Già, perché l’altra cosa che stonava era la coincidenza per cui, mentre i più alti rappresentanti d’Europa e d’Italia facevano pubblica ammenda per aver spesso guardato dall’altra parte, nello stesso momento, mezzi militari e civili, corvette, mercantili e pescherecci, cercavano disperatamente di soccorrere altri tremila naufraghi dell’esistenza, prim’ancora che nei flutti, e un centinaio di questi affondava, morendo, a qualche miglio dalle coste libiche, e chi parlava, ovviamente, stava guardando e continua a guardare da un’altra parte.

E poi, stonava il fatto che, in una giornata del ricordo, il convitato di pietra fosse l’oblio. Quello che ha fatto dimenticare le parole altisonanti del giorno dopo la tragedia sulla necessità di superare le leggi assurde per l’immigrazione, che rimangono tutte là, come rimangono i Cie e quei politici che urlano all’invasione o che continuano a etichettare i migranti con sprezzanti termini razzisti. Quello che fa ignorare che l’Europa, pronta a festeggiare la caduta di un muro, ne stia costruendo di ben più alti e duri per negare la speranza a chi soffre, a Ceuta e Melilla, sulle sponde del fiume Evron in Grecia, lungo il confine meridionale della Bulgaria. Quello che di nuovo farà scordare le ragioni che per cui quelle donne, quegli uomini e qui bambini rischiano di morire pur di provare a sopravvivere, e quelle motivazioni a partire che son mostri dai nomi antichi: miseria, guerra, siccità, carestia, fame.

Oggi è il 4 ottobre, un anno dopo quel giorno seguente al naufragio di 366 migranti al largo di Lampedusa; trecentosessantasei, un anno e un giorno. Si disse mai più, e lo si ascoltò senza troppa convinzione. La soluzione è stata l’arretramento della linea d’intervento degli aiuti, “perché invogliavano alla partenza”, dicono, “perché quello che accade lontano dalle telecamere, non ci riguarda”, pensano. Dopotutto, “qui c’è la crisi, non si può provvedere anche a loro.

Già, la crisi. Bisogna pensare prima a noi, ai nostri, che diamine, non possiamo mica occuparci di tutti. In fondo, in un mondo che impone competizione, alla fine, quelli che arrivano, sono pur sempre concorrenti, potrebbero aggravare la situazione. Anche per loro, sia chiaro; bisogna essere concreti, l’idealismo non dà da mangiare.

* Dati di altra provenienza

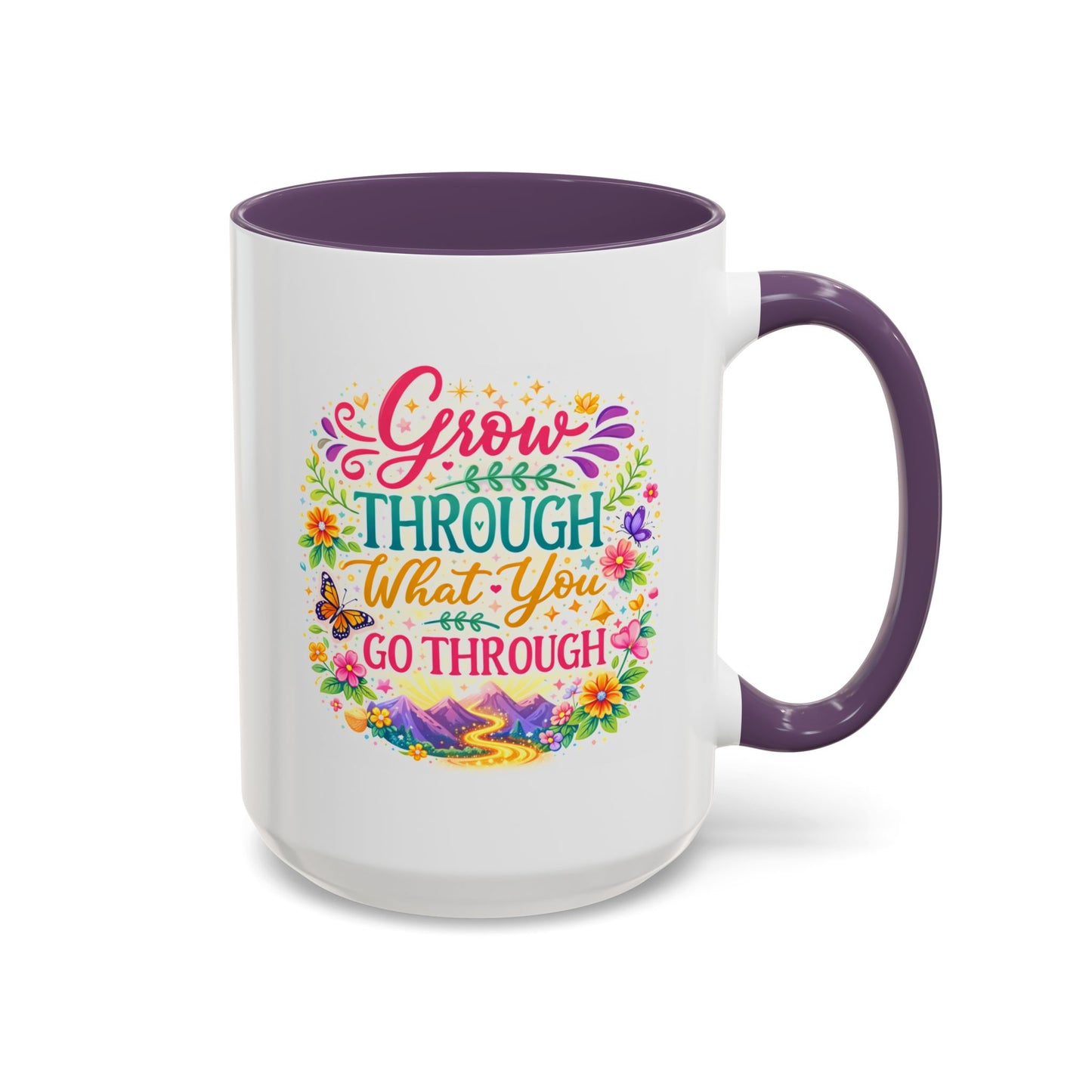 Wellness Mug - Grow Through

Magari è così. Però, voi che parlate di competizione e di tutte le altre giaculatorie che la sempre gravida mitopoiesi attuale partorisce e annuncia con tronfia vacuità, come concorrenza e meritocrazia, pensateci “voi che vivete sicuri nelle vostre tiepide case, voi che trovate tornando a sera il cibo caldo e visi amici”: qual è il nostro merito per essere nati su questa sponda di quel mare?